In the early 1960s, Empresas Públicas de Medellín (EPM) identified the valley as the optimal site for a major hydroelectric project. The dam would flood the valley, create an artificial reservoir, and generate electricity for Medellín's rapidly growing industrial economy. The technical logic was sound. The human cost was enormous.
The Displacement
The community of El Peñol organized massively against the project. In 1969, after years of protest, a document called the Contrato Maestro was signed between EPM and the municipality, containing 95 clauses intended to mitigate the impact of resettlement. A new town — El Nuevo Peñol — was constructed approximately 57 kilometers away. Houses were built, streets were laid, a new church was erected.
But a new town is not a community. The displacement shattered generational ties to specific plots of land, disrupted agricultural livelihoods, and forced families into an unfamiliar economic model. The flooding itself, which accelerated in the 1970s, was physically dramatic: buildings were demolished before the waters rose, but at the request of residents, a stone pillar with a metal cross was erected on the spot where the old church had stood — a marker visible above the waterline during low-reservoir periods.
Guatapé's urban center survived — the town sits higher than the reservoir level — but its rural areas were partially flooded, altering the municipality's geography and economy permanently. The town that faces the reservoir today is fundamentally different from the agricultural community that existed before the dam.
The Reinvention
What happened next is one of Colombia's most striking examples of economic reinvention. The reservoir, which had destroyed agricultural communities, created an entirely new economic asset: a scenic, island-studded lake surrounded by mountains, with calm waters perfect for boating, fishing, and watersports.
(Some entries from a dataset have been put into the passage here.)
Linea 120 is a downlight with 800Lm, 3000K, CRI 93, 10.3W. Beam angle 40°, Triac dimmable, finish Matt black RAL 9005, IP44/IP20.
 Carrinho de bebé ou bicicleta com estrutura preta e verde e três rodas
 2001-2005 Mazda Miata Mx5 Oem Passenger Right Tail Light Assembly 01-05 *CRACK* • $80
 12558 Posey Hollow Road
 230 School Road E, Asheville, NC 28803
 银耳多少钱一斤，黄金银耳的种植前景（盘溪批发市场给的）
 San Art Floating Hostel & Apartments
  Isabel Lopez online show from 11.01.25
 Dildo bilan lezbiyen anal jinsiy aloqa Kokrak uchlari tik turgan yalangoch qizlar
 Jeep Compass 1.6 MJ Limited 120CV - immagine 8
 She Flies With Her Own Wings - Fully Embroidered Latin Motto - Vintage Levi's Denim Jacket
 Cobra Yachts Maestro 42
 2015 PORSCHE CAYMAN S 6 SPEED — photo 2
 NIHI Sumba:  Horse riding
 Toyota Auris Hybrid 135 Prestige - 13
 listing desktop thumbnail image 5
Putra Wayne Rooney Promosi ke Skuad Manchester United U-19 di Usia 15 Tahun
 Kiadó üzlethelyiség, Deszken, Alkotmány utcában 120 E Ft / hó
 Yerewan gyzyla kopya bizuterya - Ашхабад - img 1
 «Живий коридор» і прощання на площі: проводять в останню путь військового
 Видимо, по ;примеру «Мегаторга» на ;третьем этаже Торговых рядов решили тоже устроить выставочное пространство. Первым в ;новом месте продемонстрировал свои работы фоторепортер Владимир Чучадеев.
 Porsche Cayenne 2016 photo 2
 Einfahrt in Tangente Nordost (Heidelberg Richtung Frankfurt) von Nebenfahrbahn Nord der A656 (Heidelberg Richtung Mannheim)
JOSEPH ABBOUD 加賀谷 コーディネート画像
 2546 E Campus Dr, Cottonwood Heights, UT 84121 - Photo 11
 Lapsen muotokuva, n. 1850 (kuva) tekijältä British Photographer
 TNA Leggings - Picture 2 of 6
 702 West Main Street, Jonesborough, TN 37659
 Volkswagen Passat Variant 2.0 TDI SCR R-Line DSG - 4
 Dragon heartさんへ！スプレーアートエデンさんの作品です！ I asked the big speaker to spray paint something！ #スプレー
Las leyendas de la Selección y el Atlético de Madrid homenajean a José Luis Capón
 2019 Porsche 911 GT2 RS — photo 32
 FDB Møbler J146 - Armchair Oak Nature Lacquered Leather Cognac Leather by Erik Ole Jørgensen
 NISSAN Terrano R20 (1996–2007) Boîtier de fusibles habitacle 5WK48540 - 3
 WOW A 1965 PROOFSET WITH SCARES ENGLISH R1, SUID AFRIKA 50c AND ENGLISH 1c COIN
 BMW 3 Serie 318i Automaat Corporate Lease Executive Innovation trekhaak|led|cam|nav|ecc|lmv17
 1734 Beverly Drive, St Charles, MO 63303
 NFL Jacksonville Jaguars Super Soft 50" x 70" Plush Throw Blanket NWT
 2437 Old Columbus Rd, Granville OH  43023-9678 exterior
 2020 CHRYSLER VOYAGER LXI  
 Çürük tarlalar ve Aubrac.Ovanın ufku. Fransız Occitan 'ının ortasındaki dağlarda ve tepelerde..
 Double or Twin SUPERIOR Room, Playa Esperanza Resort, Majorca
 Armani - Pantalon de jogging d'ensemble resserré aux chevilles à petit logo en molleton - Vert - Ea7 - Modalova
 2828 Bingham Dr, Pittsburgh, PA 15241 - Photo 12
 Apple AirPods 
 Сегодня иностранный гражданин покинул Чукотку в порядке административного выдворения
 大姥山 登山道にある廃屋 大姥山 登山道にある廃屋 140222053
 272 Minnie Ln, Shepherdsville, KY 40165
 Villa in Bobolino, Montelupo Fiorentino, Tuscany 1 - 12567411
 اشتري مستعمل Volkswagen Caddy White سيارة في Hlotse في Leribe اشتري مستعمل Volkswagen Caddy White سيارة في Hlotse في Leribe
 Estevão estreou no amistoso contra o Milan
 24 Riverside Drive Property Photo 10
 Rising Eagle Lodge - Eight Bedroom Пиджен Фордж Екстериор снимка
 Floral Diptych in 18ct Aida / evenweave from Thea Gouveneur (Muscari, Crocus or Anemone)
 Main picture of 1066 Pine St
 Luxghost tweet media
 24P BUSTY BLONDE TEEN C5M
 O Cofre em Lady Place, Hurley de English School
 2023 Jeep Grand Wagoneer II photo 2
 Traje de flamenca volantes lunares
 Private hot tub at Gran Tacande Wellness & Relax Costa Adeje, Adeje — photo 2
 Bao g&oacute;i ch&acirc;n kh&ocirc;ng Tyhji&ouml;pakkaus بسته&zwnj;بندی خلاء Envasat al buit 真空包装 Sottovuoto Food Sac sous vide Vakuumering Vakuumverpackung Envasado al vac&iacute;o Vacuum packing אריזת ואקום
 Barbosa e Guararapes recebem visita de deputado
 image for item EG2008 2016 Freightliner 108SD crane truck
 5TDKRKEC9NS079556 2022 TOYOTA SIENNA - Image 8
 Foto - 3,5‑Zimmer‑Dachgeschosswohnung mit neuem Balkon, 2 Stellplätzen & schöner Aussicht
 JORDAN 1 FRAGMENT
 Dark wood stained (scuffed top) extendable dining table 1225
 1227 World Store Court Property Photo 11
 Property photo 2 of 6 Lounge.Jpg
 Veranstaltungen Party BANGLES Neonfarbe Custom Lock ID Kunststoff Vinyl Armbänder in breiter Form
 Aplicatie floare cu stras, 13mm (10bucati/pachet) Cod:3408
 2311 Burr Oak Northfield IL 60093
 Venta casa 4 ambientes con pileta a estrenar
Gradually, the land around the reservoir became some of the most valuable real estate in Antioquia.
Finca construction along the reservoir shoreline accelerated through the 1980s and 1990s. Medellín's wealthy families — including, notoriously, Pablo Escobar, whose lakeside estate La Manuela was bombed by the vigilante group Los Pepes in 1993 — recognized the area's potential as a weekend retreat. Today, lakefront finca properties command some of the highest nightly rates in Colombia's rental market.
Guatapé's town center underwent its own reinvention. The zócalos — decorative cement relief panels along the lower walls of buildings — became the town's signature aesthetic, transforming Guatapé into one of Colombia's most visually distinctive destinations. The tradition reportedly began in 1919 with resident José María Parra Jiménez, who started depicting daily scenes in relief on his house's corridor. The art spread from house to street to plaza until it became an identity.
Guatapé did not become Colombia's most Instagrammed finca destination by accident. It was built, flooded, displaced, and rebuilt — and the beauty tourists photograph today is inseparable from the loss underneath.
Visiting with Context
Understanding Guatapé's history enriches rather than diminishes the experience. Visitors can take boat tours that pass over the flooded valley, visit the Parque Temático Réplica del Viejo Peñol (a reconstructed miniature of the original town), and on clear days at low water, glimpse the cross that marks the old church's location.
The people of El Peñol, notably, built their new town facing away from the reservoir. Not looking at it, they say, was the way to heal. Guatapé, by contrast, faces the water directly — a physical expression of the two communities' different relationships to the same traumatic event.
For the finca traveler, this context matters. The lakefront property you're renting exists because a valley was flooded and a community was displaced. The beauty is real. The history is real. Both can be held simultaneously, and the most meaningful finca stays in Guatapé are the ones that acknowledge this.